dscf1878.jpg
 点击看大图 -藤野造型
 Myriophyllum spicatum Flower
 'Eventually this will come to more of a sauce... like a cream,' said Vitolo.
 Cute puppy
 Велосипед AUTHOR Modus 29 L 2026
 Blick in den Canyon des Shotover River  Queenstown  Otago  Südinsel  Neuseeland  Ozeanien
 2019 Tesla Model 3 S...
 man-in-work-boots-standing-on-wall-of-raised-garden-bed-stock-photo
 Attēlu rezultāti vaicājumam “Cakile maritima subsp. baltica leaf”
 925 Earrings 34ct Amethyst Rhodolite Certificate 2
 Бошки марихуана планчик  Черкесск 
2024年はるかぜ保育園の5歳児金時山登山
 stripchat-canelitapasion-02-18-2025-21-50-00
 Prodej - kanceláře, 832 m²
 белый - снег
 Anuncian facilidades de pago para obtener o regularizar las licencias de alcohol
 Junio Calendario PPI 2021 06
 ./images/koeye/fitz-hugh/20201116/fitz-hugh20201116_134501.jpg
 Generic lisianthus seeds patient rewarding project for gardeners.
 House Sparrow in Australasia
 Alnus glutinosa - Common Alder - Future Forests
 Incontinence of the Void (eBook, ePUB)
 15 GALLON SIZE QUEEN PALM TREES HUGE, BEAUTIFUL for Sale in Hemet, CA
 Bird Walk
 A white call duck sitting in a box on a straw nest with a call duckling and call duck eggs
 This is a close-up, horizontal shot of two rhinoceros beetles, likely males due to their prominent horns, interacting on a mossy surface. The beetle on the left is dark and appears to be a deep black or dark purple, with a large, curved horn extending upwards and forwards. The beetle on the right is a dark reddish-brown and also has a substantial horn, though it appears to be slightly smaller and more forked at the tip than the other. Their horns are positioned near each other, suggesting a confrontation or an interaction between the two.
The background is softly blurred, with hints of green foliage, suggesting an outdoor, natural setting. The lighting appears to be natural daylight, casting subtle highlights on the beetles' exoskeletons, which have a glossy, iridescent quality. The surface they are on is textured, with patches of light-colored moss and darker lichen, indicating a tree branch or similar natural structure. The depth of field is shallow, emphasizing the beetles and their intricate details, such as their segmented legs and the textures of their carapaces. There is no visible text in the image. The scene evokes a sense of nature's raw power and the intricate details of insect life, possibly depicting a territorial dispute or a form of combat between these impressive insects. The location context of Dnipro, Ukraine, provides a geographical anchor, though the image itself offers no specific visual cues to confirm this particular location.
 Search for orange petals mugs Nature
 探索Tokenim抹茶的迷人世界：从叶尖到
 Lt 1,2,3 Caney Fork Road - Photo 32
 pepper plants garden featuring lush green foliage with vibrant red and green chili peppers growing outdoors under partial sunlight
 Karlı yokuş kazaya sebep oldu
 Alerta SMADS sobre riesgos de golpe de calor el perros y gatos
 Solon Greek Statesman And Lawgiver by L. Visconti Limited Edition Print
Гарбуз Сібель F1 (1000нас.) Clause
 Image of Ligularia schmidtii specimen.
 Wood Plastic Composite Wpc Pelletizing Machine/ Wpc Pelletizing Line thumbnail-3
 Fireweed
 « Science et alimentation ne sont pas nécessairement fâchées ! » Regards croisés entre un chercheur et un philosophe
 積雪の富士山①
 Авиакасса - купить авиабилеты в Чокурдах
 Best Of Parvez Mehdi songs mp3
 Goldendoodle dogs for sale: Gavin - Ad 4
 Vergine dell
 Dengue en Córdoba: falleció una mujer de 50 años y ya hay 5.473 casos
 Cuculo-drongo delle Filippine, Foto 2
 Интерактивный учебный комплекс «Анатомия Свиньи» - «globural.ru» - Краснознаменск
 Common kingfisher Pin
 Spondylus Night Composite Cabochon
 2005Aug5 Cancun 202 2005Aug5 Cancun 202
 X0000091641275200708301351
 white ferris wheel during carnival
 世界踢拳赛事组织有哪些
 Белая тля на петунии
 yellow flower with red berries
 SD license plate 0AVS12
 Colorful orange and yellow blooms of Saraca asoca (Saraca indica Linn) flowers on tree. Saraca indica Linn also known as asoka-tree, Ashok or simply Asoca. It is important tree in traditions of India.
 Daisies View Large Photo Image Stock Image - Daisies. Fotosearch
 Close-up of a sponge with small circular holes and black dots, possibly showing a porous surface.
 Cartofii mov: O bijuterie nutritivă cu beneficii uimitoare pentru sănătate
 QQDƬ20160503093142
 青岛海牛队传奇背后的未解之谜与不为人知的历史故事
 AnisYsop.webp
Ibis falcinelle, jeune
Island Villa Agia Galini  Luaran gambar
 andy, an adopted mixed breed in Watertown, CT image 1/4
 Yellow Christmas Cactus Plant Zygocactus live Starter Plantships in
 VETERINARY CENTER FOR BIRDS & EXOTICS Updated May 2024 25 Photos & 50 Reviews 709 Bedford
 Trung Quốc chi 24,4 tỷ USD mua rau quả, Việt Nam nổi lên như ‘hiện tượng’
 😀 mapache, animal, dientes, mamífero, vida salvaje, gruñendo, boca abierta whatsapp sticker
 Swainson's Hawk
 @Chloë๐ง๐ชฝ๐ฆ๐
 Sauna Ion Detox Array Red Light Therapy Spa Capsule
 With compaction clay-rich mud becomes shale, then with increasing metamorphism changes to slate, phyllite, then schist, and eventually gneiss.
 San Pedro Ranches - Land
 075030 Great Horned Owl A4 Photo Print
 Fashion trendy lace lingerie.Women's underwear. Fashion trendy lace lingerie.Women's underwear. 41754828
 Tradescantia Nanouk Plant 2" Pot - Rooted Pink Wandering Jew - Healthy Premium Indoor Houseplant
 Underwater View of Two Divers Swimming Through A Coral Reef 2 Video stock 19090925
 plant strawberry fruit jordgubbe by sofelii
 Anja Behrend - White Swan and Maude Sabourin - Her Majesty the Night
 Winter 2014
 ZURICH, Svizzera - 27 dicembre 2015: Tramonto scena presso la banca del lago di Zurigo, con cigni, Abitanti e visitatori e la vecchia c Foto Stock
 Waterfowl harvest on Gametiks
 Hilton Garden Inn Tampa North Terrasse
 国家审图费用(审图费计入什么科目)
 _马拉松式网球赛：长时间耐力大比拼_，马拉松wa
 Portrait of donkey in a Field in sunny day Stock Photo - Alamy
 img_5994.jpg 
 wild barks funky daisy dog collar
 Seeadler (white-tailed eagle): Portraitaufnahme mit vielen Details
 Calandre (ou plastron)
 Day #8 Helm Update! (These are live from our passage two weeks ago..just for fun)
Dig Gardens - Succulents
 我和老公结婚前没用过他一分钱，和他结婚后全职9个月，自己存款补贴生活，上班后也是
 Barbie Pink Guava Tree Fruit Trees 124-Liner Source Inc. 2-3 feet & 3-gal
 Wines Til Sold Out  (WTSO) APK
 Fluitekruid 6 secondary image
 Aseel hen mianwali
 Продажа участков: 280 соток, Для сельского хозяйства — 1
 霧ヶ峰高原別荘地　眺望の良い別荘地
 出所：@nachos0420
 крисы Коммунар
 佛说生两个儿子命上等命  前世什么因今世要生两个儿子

================

§ **Work item**
Where a line in the records above contains the string "Pink", copy that line.

§ **Solution to the exercise**
 Tradescantia Nanouk Plant 2" Pot - Rooted Pink Wandering Jew - Healthy Premium Indoor Houseplant
 Barbie Pink Guava Tree Fruit Trees 124-Liner Source Inc. 2-3 feet & 3-gal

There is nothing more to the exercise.